Task brief -
Give a verbatim copy of the data, leaving the pictures out.
**********
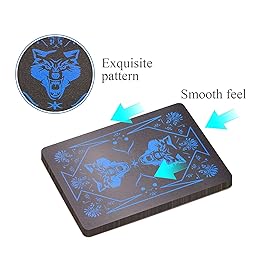 ACELION Waterproof Playing Cards, Plastic Playing Cards, Deck of Cards, Gift Poker Cards (Black Wolf)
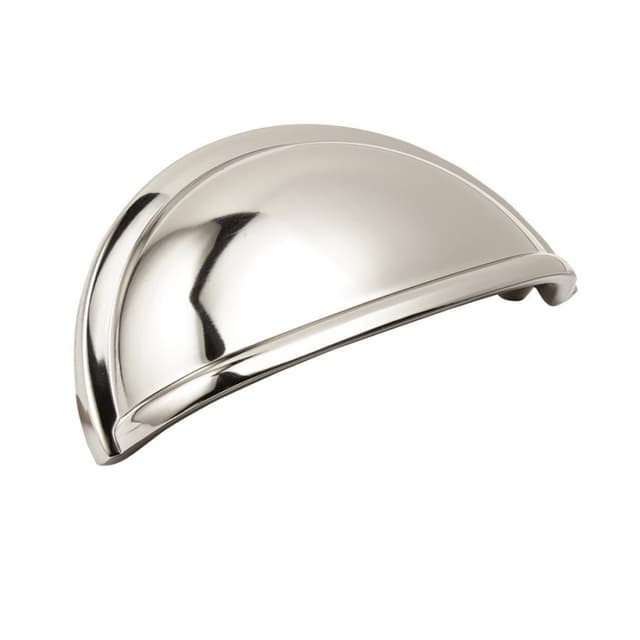 Amerock Cup Pulls Series 3 in (76 mm) Center to Center Polished Nickel Cup Pull, -BP53010PN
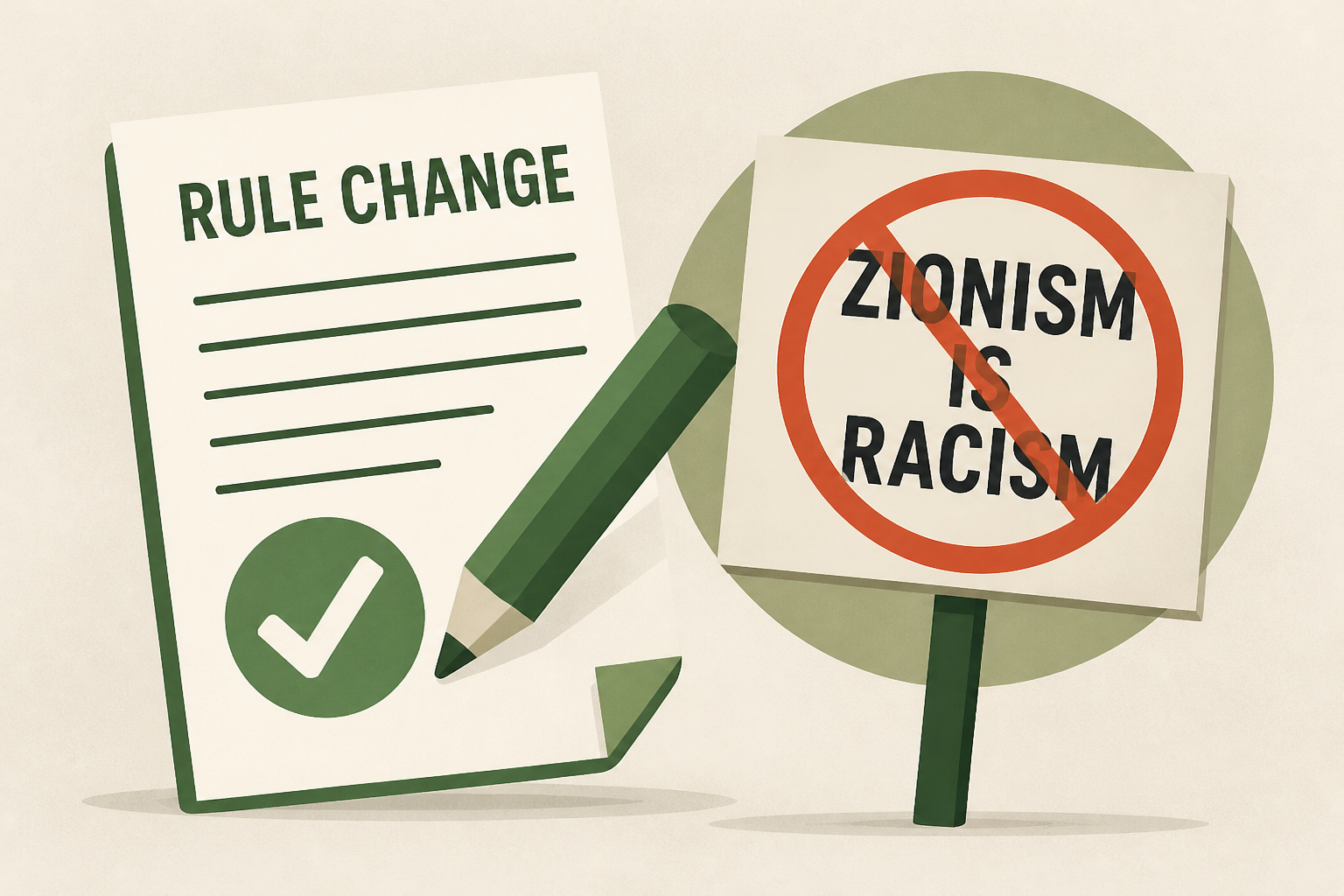 Greens leader seeks rule change after party declares Zionism is racism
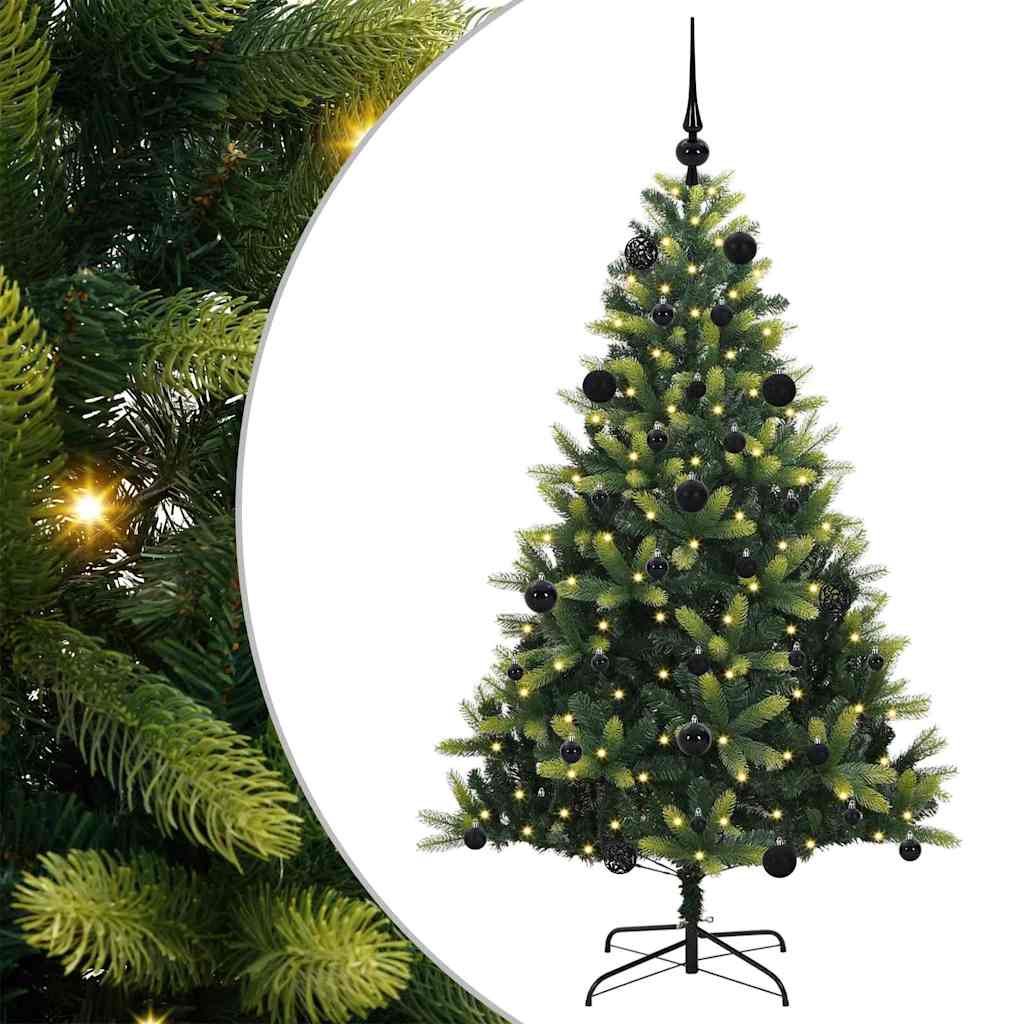 Arbre de Noël artificiel à charnières 150 LED Vert 150 cm - XIOS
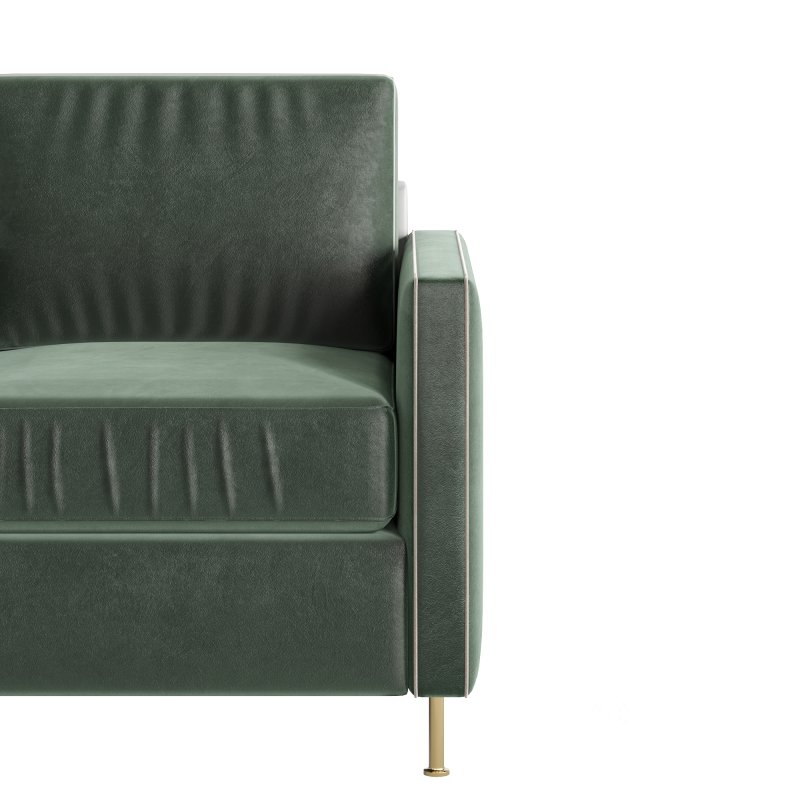 Brett Jade Green Velvet Sofa Image 2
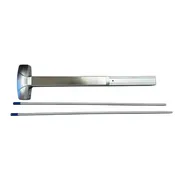A7760V 36 84 LHR US32D - Surface Vertical Rod Exit Device - Exit Only - 36x84 - Left Hand Reverse - Satin Stainless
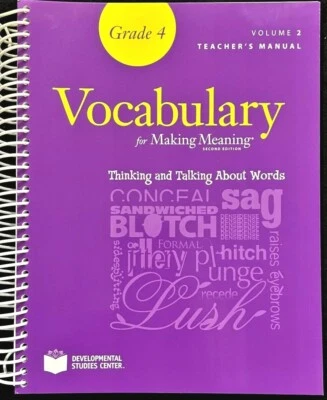 4th -Making Meaning VOCABULARY TEACHER'S MANUAL (Vol 2 only) (2009, 2nd Edition) - Image 1 of 4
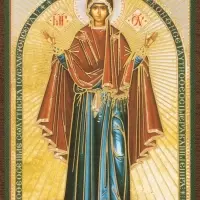 Икона БМ "Нерушимая Стена" 4х6 на МДФ-6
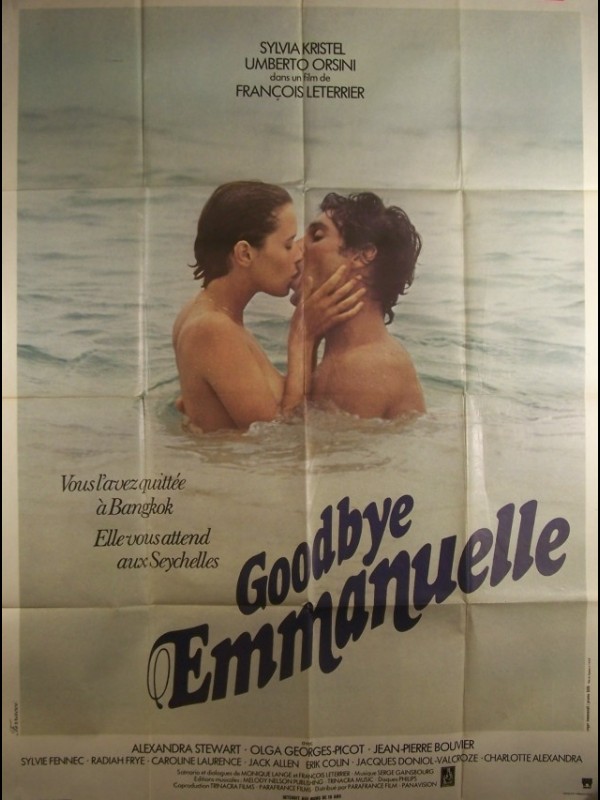 Affiche du film GOOD BYE EMMANUELLE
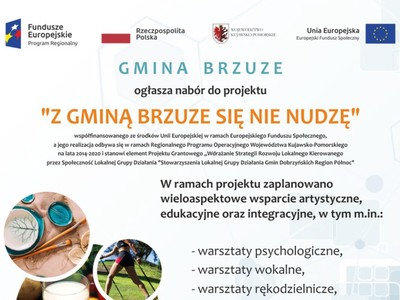 Rekrutacja uzupełniająca do projektu Z Gminą Brzuze się nie nudzę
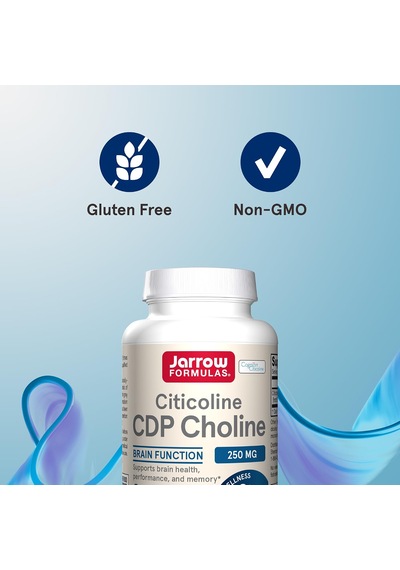 Jarrow Formulas, Citicoline, Cdp Choline, 250 Mg, 120 Capsules Orijinal Usa Menşeii Dmmedicineden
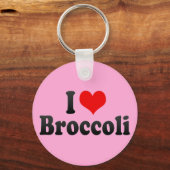 I Liebe Broccoli Schlüsselanhänger (Vorderseite)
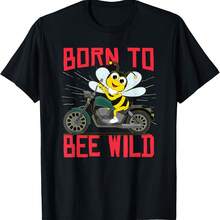 Born To Bee Wild Honeybee BumblebeeD Bee T-Shirt - Black - View 1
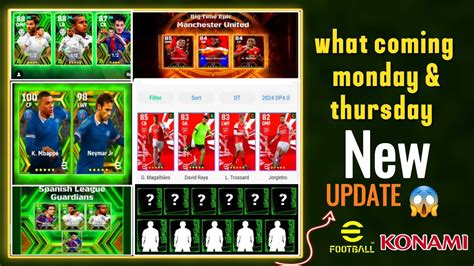 What Is Coming On Monday Thursday In Efootball Mobile Free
**********
Result below -
 ACELION Waterproof Playing Cards, Plastic Playing Cards, Deck of Cards, Gift Poker Cards (Black Wolf)
 Amerock Cup Pulls Series 3 in (76 mm) Center to Center Polished Nickel Cup Pull, -BP53010PN
 Greens leader seeks rule change after party declares Zionism is racism
 Arbre de Noël artificiel à charnières 150 LED Vert 150 cm - XIOS
 Brett Jade Green Velvet Sofa Image 2
A7760V 36 84 LHR US32D - Surface Vertical Rod Exit Device - Exit Only - 36x84 - Left Hand Reverse - Satin Stainless
 4th -Making Meaning VOCABULARY TEACHER'S MANUAL (Vol 2 only) (2009, 2nd Edition) - Image 1 of 4
 Икона БМ "Нерушимая Стена" 4х6 на МДФ-6
 Affiche du film GOOD BYE EMMANUELLE
 Rekrutacja uzupełniająca do projektu Z Gminą Brzuze się nie nudzę
 Jarrow Formulas, Citicoline, Cdp Choline, 250 Mg, 120 Capsules Orijinal Usa Menşeii Dmmedicineden
 I Liebe Broccoli Schlüsselanhänger (Vorderseite)
 Born To Bee Wild Honeybee BumblebeeD Bee T-Shirt - Black - View 1
 What Is Coming On Monday Thursday In Efootball Mobile Free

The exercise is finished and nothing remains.